# Install Dependencies

In [1]:
!pip install -q datasets

# Import Libraries

In [3]:
import torch
import datasets
from transformers import T5ForConditionalGeneration, T5Tokenizer, Seq2SeqTrainingArguments, Seq2SeqTrainer
from transformers import Seq2SeqTrainingArguments, Seq2SeqTrainer

# Load Base model

In [None]:
model_name = "google/mt5-small" 
tokenizer = T5Tokenizer.from_pretrained(model_name)  

config = T5ForConditionalGeneration.from_pretrained(model_name).config

model = T5ForConditionalGeneration.from_pretrained(model_name,config=config)

# Processing Dataset

## Split Dataset

In [None]:
# Load the dataset
dataset_name = "OpenHust/vietnamese-summarization"
dataset = datasets.load_dataset(dataset_name)
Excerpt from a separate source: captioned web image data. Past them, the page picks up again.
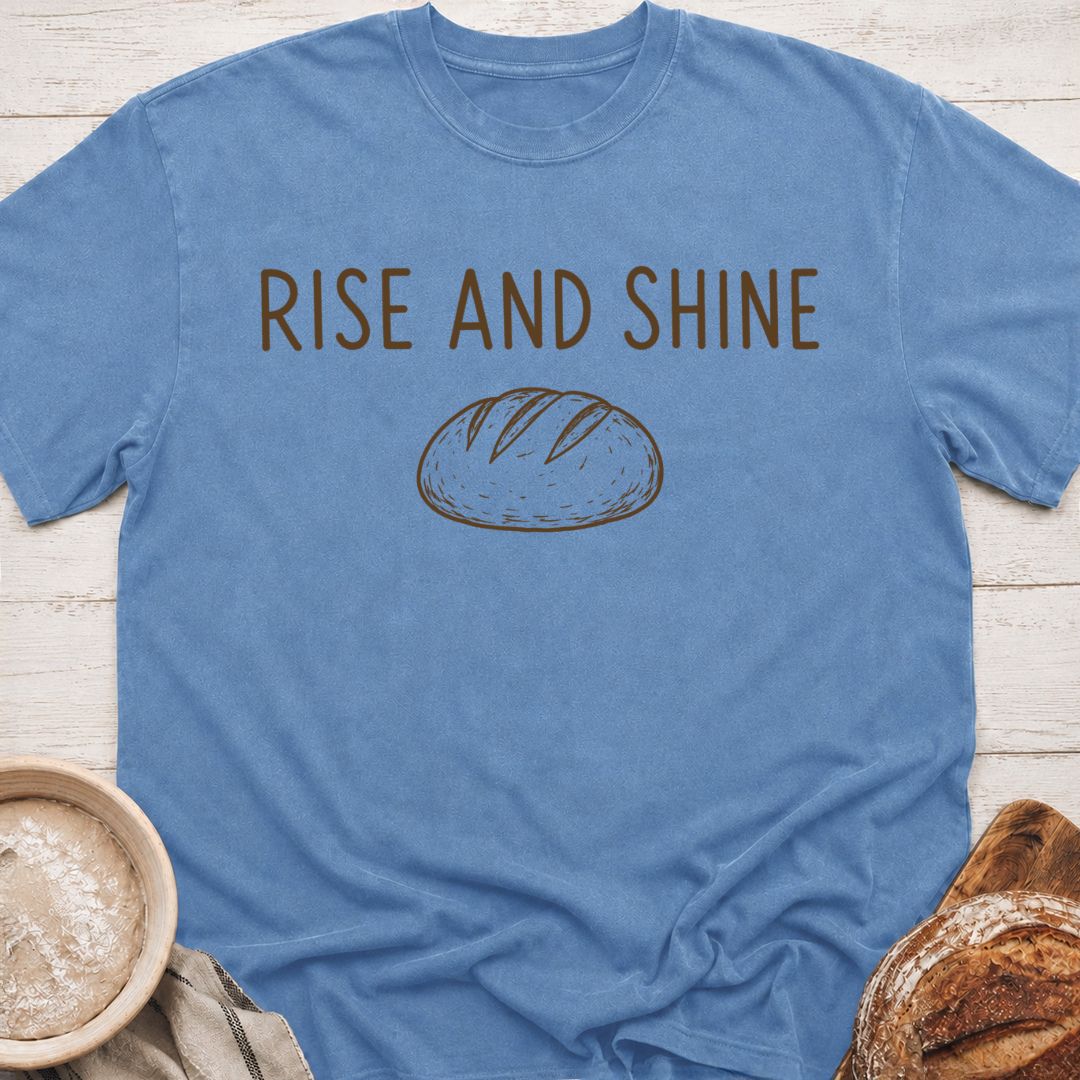 Rise & Shine T-Shirt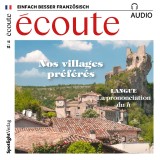Französisch lernen Audio - Unsere Lieblingsorte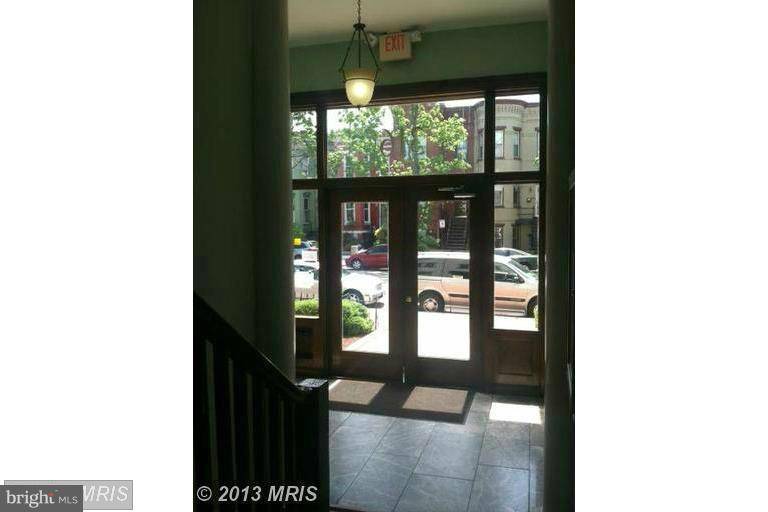 Washington, DC 20002,316 F ST NE #124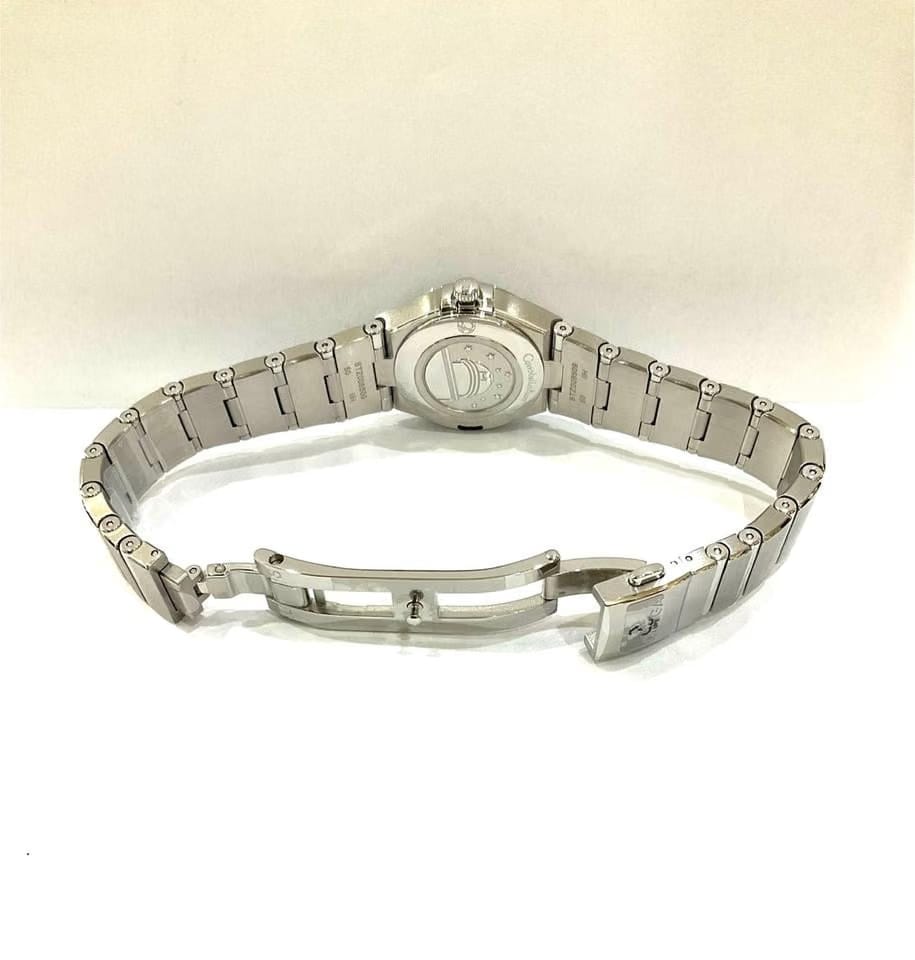 Omega Constellation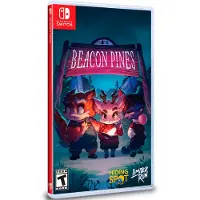 Beacon Pines () | Switch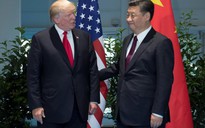 Ông Trump: Rồi một ngày Mỹ có thể có tổng thống trọn đời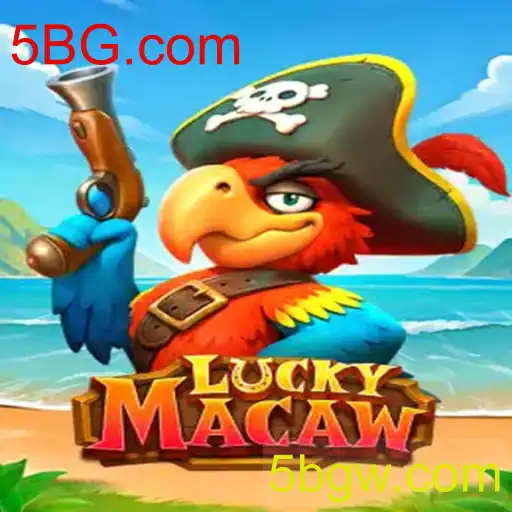 Tudo Sobre o Jogo LuckyMacaw: Descrição e Regras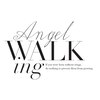 エンジェルウォーキング(Angel walking)ロゴ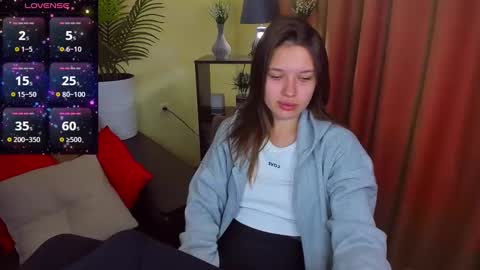 Alexis online show from March 12, 5:13 am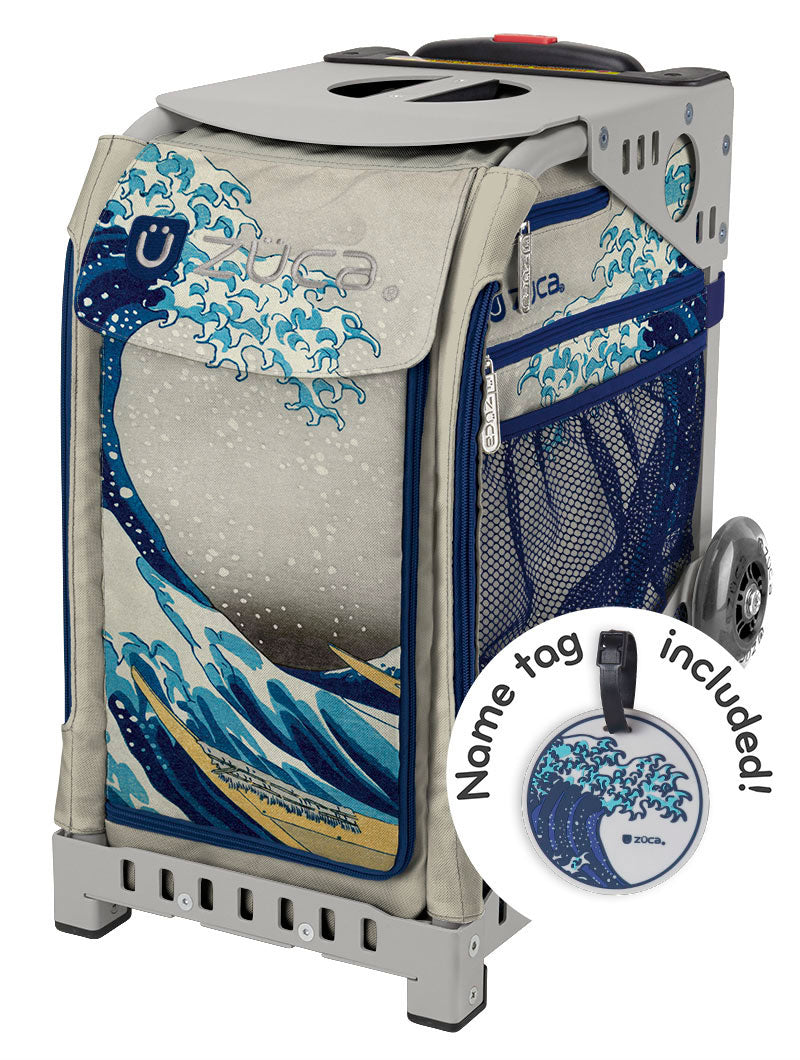 Great Wave Sport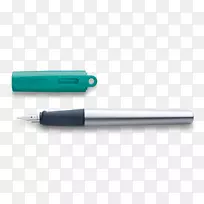 圆珠笔钢笔拉米办公用品-钢笔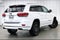 2021 Jeep Grand Cherokee Overland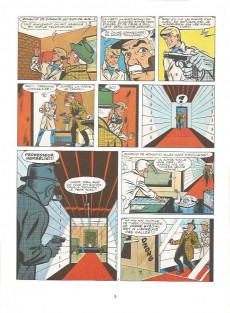 Extrait de Ric Hochet -9b1979a- Alias Ric Hochet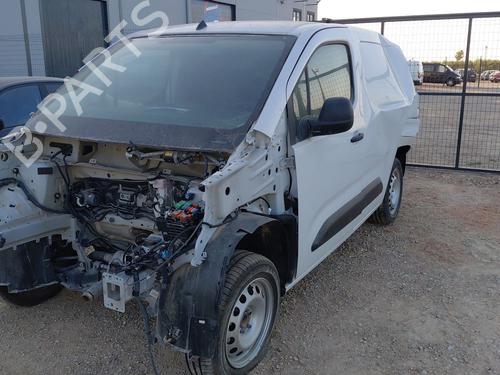 Teile für FIAT DOBLO Box Body/MPV (510_, 511_) BlueHDi 100 (102 hp) 3357037 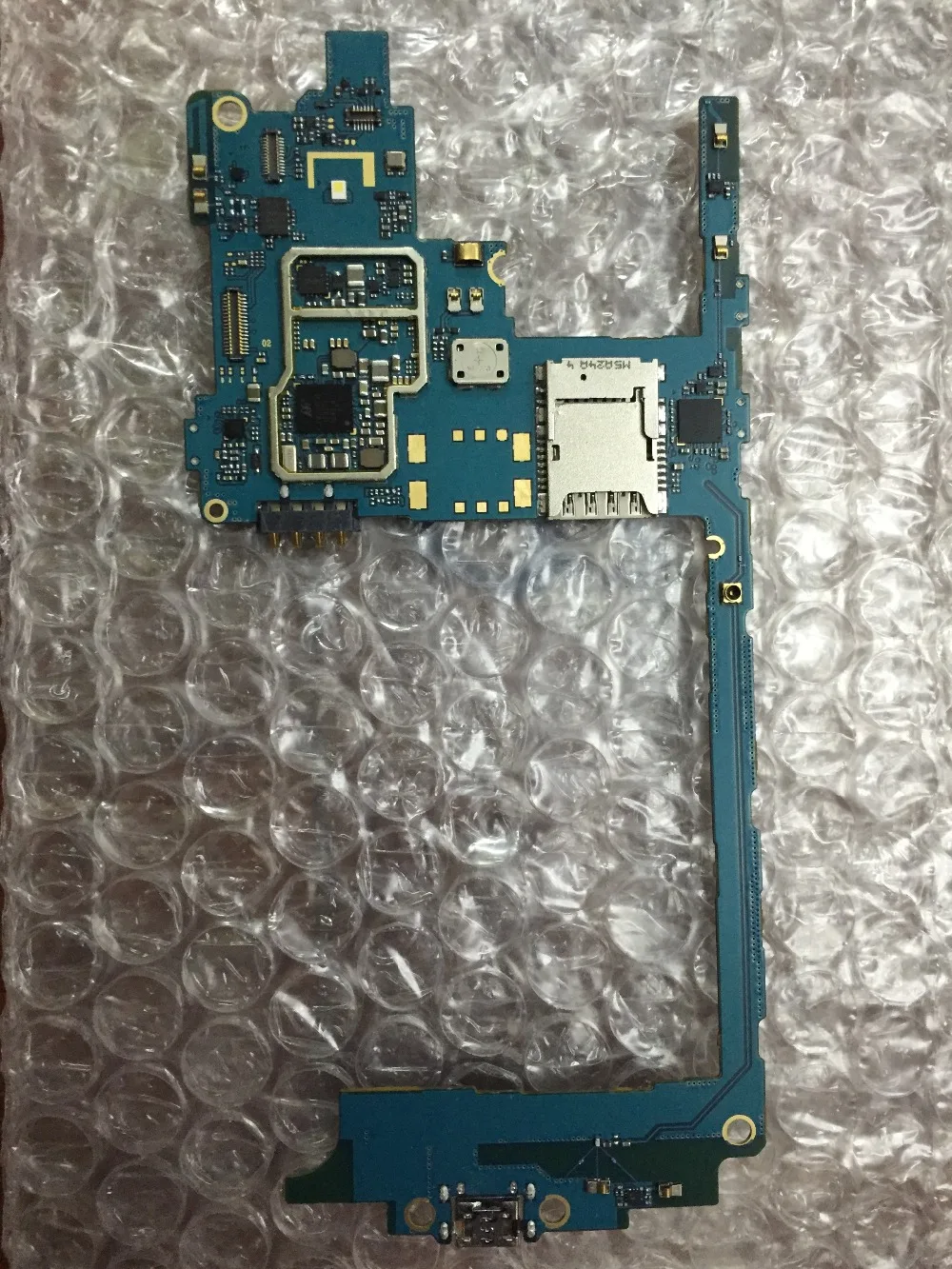 Вся Функция разблокирована для Samsung Galaxy Grand Prime g531f материнская плата 8 ГБ Замена с полным чипов материнскую плату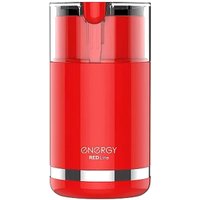 Электрическая кофемолка Energy EN-114 (красный)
# Define a function to preprocess the dataset
def preprocess_function(examples):
    inputs = examples["Document"]
    targets = examples["Summary"]
    model_inputs = tokenizer(inputs, max_length=512, truncation=True, padding="max_length", return_tensors="pt")
    labels = tokenizer(targets, max_length=128, truncation=True, padding="max_length", return_tensors="pt").input_ids
    labels[labels == tokenizer.pad_token_id] = -100  # Ignore padding in the loss
    model_inputs["labels"] = labels
    return model_inputs

# Apply the preprocessing function to the dataset
tokenized_datasets = dataset.map(preprocess_function, batched=True, remove_columns=dataset["train"].column_names)

# Split the dataset into training and validation sets
tokenized_datasets = tokenized_datasets['train'].train_test_split(test_size=0.1)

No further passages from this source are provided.